Les musiciens du Budapest Orchestra Festival l’ont appris à leurs dépens, tel que le raconte le blog Artsbeats du New York Times10. Sept de leurs archets ont été saisis par la douane américaine, à l’aéroport J.F. Kennedy à New York en mai dernier. Pourtant, le directeur exécutif de l’orchestre, Stefan Englert, affirme que l’orchestre s’était soumis à toutes les formalités officielles nécessaires et que les archets en question ne contenaient pas d’ivoire prohibé. D’après les propos des musiciens rapportés dans ce même article :  même pour les spécialistes, il est souvent difficile de faire la différence entre l’ivoire d’éléphant et ses substituts. Alors, s’il faut prouver la provenance des stocks - à plus forte raison si le luthier ou le facteur de l’instrument est décédé -, cela devient pratiquement mission impossible.
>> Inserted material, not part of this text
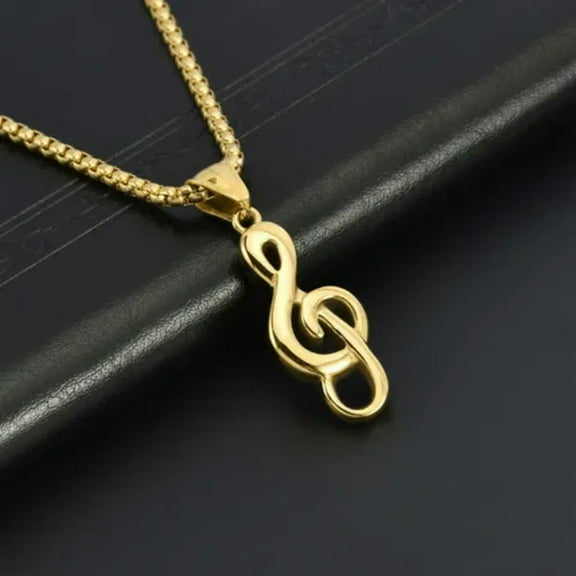 K-KED Gold Music Note G Treble Clef Pendant Necklace with Chain 24" Mens Womens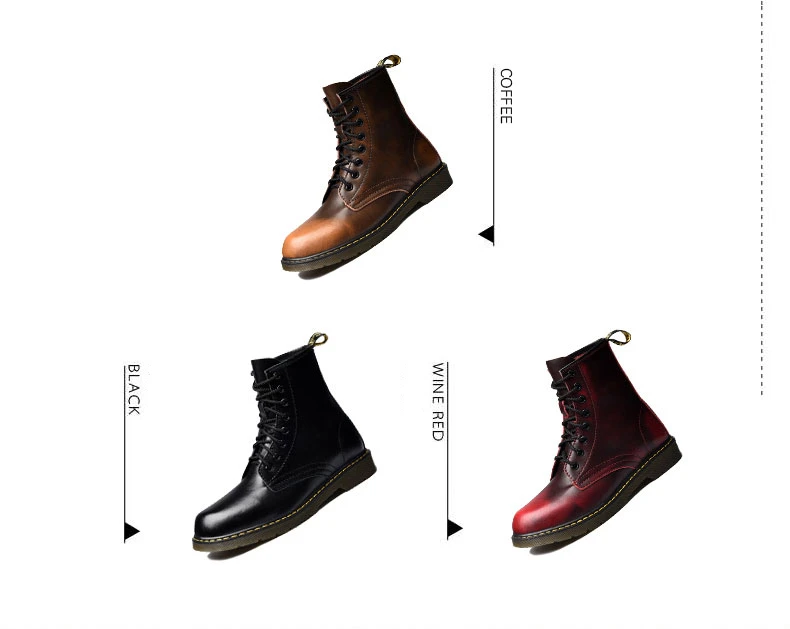Doc/Мужская обувь; мужские зимние ботинки; мартинсы; мужская кожаная обувь; ботильоны в ковбойском стиле из водонепроницаемого материала; повседневная обувь в байкерском стиле; Coturno botas hombre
— Charles-Etienne Marchand

1 - La stratégie nationale pour combattre le trafic des espèces sauvages menacées.

2 - Le service américain pour les espèces marines, la faune et la flore.

3 - En anglais : Convention on International Trade of Endangered Species, CITES.

4 - Violons, altos, violoncelles, contrebasses.

5 - Source Wikipedia : «C'est elle qui, en coulissant, assure la tension des crins. Souvent faite d'ébène et de métal, on en rencontre en os, en ivoire ou en écaille. Elle est généralement ornée d'un grain de nacre. C'est à cause de sa forme rappelant le talon d'une chaussure que l'on désigne par talon le placement de l'archet sur la corde à ce niveau-ci. »

6 - Flûte traversière baroque.

7 - www.wilderdavis.com/fr/en-savoir-plus/os-et-ivoires-l-origine-plaques-de-tete.

8 - Voir la note n° 3.

9 - Liste des pays et territoires non-membres de CITES : Andorre, République démocratique populaire de Corée, îles Féroé États fédérés de Micronésie, îles Kiribati et Marshall, République de Nauru, Soudan du Sud, République du Tadjikistan, Timor oriental, Royaume des Tonga, République du Turkménistan, Les Tuvalu, État de la cite du Vatican.